• **Aim of the task**
The answer is a stretch of the material below, returned exactly: the line containing "Mens horn charm 14kt", the line containing "6914 Appleton, Las Vegas, NV 89156", and all lines between.

• **Source data**
Segment Open

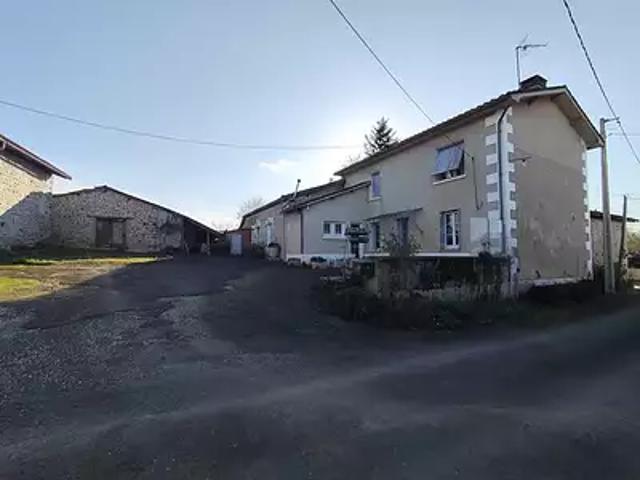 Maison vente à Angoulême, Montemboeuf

Segment Closed
Segment Open

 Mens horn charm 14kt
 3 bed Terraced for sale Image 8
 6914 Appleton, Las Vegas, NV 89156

Segment Closed

• **Exercise response**
 Mens horn charm 14kt
 3 bed Terraced for sale Image 8
 6914 Appleton, Las Vegas, NV 89156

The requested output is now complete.